Pulley Angle A — Angle, measured in the xy plane of the reference frame, from the local x-axis to the line between the frame origin and point of contact A.
If the point of contact is above the xz-plane (in the +y-region of the reference frame), the angle is positive. If the point of contact is below the xz-plane, the angle is negative. The angle is zero when the point of contact happens to be exactly in the xz-plane.
The angle is not modular. Rather than be constrained to a 360-degree range—snapping back to the beginning of the range after completing a turn—the measured value changes continuously with repeated turns. Every turn that the drum makes adds (or subtracts) 2π to the measurement.

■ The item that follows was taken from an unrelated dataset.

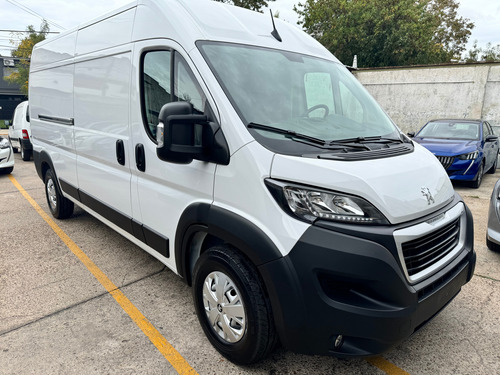 Peugeot Boxer 2.2 Hdi L3H2 140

Use port qpa for this measurement.
Pulley Angles A and B
Pulley Angle B — Angle, measured in the xy plane of the reference frame, from the local x-axis to the line between the frame origin and point of contact B.
If the point of contact is above the xz-plane (in the +y-region of the reference frame), the angle is positive. If the point of contact is below the xz-plane, the angle is negative. The angle is zero when the point of contact happens to be exactly in the xz-plane.
The angle is not modular. Rather than be constrained to a 360-degree range—snapping back to the beginning of the range after completing a turn—the measured value changes continuously with repeated turns. Every turn that the drum makes adds (or subtracts) 2π to the measurement.
Use port qpb for this measurement.
Fleet Angle A — Angle from the xy-plane of the reference frame to the cord at point of contact A. The xy-plane is the same as the center plane of the drum.
If the cord approaches the point of contact from above the xy-plane (in the +z region of the reference frame), the angle is positive. If the cord approaches from below, the angle is negative. The angle is zero when the cord approaches the point of contact in the center plane of the drum.
The angle is modular, which is to say that its value is bound—here, between -π/2 to +π/2. This range is open. The measured value can vary between -π/2 and +π/2, but it cannot hit either limit.
Note that if the Drum Belt-Cable Alignment parameter of the Belt-Cable Properties block is set to
Monitored Planar, the pulley assembly is required to be planar, and the fleet angle is therefore always zero. To model a nonplanar assembly, use the default setting for that parameter:Unrestricted.Use port qfa for this measurement.
Fleet Angle A
Fleet Angle B — Angle from the xy-plane of the reference frame to the cord at point of contact B. The xy-plane is the same as the center plane of the drum.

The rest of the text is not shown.